Do we understand the context now?

Doing Hardware raytracing while running non raytraced games!!!:roll:
So you are telling me that TPU was able to run the same Raytraced test to measure power on GTX 1630?? You need to read the TPU review methodology properly. If you lazy to read it, It says Gaming: Cyberpunk 2077 is running at 2560x1440 with Ultra settings and ray tracing disabled. We ensure the card is heated up properly, which ensures a steady-state result instead of short-term numbers that won't hold up in long-term usage.
No matter what how Nvidia fansboys trying to spin it Ampere is inefficient. Let me give you a example,
Card Name/GPU NameManufacturing NodeFP32 TLFOPSPower(TBP)
MI50(Vega20)TSMC 7nm13.3300W
MI100(Arcturus)TSMC 7nm23.1300W
Tesla V100(GV100)TSMC 12nm14.13250W(upto 300W version)
A100(GA100)TSMC 7nm19.5300W(upto 500W Version)
Here we can see Vega20 to Arcturus same node with new hardware matrix unit and 1.73x FP32 performance, same TBP. Where GV100 to GA100, TSMC's 12nm to 7nm(12->7-60% power reduction), only 1.38X FP32 performance, 50W more power. If Ampere were efficient then TBD would have been lower or same. But that does not happened. TBP rose which means one thing Ampere is not efficient.

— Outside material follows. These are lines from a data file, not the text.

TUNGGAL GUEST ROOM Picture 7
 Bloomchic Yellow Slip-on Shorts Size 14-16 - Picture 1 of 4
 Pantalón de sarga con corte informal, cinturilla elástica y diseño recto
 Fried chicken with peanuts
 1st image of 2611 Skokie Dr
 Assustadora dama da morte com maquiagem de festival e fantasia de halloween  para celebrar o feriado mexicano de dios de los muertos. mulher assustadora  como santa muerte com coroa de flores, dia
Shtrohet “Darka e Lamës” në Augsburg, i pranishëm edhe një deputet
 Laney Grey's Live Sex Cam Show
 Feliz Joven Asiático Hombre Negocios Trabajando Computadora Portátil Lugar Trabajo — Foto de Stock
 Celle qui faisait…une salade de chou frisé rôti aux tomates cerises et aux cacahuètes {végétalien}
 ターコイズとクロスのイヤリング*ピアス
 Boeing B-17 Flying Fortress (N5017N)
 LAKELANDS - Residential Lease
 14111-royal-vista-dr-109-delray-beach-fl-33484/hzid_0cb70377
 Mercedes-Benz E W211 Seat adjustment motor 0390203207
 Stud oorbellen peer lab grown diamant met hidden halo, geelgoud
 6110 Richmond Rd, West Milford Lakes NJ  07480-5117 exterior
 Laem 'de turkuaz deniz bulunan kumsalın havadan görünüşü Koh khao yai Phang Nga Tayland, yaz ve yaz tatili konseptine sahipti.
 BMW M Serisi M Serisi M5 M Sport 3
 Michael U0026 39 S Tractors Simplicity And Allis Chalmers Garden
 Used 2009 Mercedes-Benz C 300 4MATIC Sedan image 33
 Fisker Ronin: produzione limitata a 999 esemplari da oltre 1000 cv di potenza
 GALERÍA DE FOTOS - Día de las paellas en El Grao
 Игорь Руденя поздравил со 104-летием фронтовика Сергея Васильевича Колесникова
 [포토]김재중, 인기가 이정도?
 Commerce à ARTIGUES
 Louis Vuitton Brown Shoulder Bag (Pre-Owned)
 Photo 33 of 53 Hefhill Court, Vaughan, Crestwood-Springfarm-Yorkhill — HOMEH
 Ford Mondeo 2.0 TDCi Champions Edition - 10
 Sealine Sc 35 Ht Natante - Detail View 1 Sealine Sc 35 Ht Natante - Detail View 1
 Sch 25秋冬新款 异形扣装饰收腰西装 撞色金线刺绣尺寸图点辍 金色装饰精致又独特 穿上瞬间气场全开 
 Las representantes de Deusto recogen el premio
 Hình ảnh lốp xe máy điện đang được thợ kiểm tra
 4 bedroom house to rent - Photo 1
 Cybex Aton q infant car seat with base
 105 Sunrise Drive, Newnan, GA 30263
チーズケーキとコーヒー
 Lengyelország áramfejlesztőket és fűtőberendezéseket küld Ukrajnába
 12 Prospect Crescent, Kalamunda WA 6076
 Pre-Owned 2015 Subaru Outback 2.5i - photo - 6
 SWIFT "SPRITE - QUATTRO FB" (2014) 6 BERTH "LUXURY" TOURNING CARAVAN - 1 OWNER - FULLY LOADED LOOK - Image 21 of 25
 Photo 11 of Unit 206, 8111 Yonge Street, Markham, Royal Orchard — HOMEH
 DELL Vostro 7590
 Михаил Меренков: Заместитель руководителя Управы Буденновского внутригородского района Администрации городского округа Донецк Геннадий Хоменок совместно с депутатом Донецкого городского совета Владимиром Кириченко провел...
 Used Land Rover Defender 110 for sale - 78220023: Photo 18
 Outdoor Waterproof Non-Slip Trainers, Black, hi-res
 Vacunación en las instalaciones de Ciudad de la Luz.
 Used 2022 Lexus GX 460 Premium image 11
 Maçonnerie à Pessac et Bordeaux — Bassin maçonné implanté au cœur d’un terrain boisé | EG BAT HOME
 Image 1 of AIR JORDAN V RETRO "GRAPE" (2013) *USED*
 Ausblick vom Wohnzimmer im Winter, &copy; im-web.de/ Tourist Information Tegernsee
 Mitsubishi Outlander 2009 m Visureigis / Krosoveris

Highly binned A4000 will efficient same as Vega Pro 64 is efficient then the consumer version. Original Vega can run on 150-180W when under volted. So can we say that Vega was efficient and all nvidia fans who dump on Vega are dishonest propagandist.

Edit: Looks like @Beertintedgoggles already pointed out the power consumption testing part.
Wow. Just wow.

You know the old saying: Ignorance is bliss..

It may not be as bad as you think if the l2 cache increased by as much as leaks indicate or more
I don't care? 256bit or they can take a flying leap..

Focusing just on the bus width is pure ignorance.
Rendering an opinion without historical context and technological understanding is unadulterated ignorance.